- [Required work]
Go through the listing below from the line containing "Aussies called to" to its last line, retyping each line exactly and nothing else.

Start of Dataset extract

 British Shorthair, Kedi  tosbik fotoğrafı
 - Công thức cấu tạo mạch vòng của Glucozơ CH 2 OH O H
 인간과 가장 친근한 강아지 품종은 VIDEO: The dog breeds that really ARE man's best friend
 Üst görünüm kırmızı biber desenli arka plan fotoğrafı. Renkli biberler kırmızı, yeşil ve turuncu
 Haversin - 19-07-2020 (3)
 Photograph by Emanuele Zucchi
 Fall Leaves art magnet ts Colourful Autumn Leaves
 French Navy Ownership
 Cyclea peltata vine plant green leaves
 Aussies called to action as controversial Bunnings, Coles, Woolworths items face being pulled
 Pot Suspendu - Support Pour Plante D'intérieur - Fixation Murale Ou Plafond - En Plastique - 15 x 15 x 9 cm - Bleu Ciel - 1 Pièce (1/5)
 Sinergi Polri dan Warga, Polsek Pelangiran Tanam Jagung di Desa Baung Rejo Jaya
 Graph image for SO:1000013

End of Dataset extract

- [Answer box]
 Aussies called to action as controversial Bunnings, Coles, Woolworths items face being pulled
 Pot Suspendu - Support Pour Plante D'intérieur - Fixation Murale Ou Plafond - En Plastique - 15 x 15 x 9 cm - Bleu Ciel - 1 Pièce (1/5)
 Sinergi Polri dan Warga, Polsek Pelangiran Tanam Jagung di Desa Baung Rejo Jaya
 Graph image for SO:1000013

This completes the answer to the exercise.